We live in the age of talk; do we know about and engage in the art of conversation? Think about it: talk shows, reality shows, trade shows, sales calls, all kinds of calls with requests all seem to indicate that we have lost the old art. Gianandrea blogged about the Age of Conversation and shared a book title with us. A good start.
Greg Krauska asks me what resources I would recommend to someone who would like to learn more about the art of effective conversation. While my answer may surprise some -- the classics and the best fiction provide inspiration -- there are a couple of books in particular that have helped me shape my thinking around this lost art. In no particular order.
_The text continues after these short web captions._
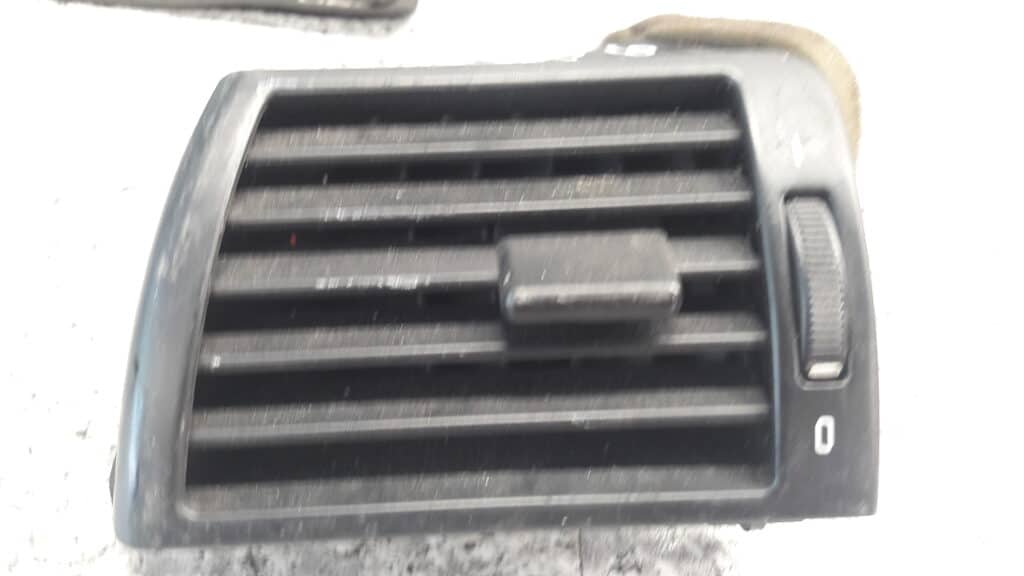 64228361897 kratka wlotu powietrza lewa bmw e46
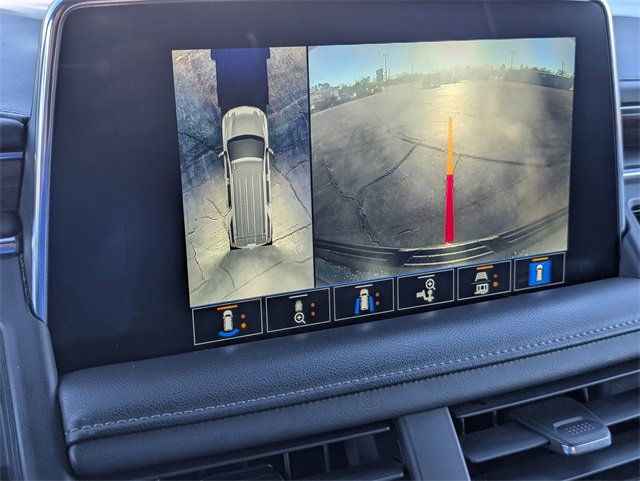 Used 2022 Chevrolet Suburban LT w/ LT Signature Plus Package image 19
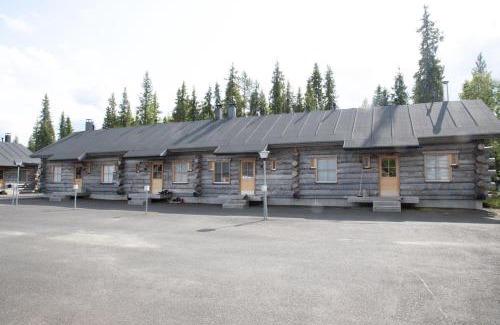 Akaslompolo House | Discover Lost Inn Cabins: Family-Friendly Getaway with Hot Tub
Dialogue and the Art of Thinking Together by William Isaacs remains the best departure to do some serious pondering on how we often talk, yet so rarely we feel we connect with each other. As the book title indicates, conversation is about thinking with each other. I quoted from the book in another post on Thinking Together -- Signal to Contact. These other quotes will help with Greg's specific question:
"The heart of dialogue is a simple but profound capacity to listen. Listening requires we not only hear the words, but also embrace, accept, and gradually let go of our own inner clamoring. As we explore it, we discover that listening is an expansive activity. It gives us a way to perceive more directly the ways we participate in the world around us... This means listening not only to others but also to ourselves and our reactions."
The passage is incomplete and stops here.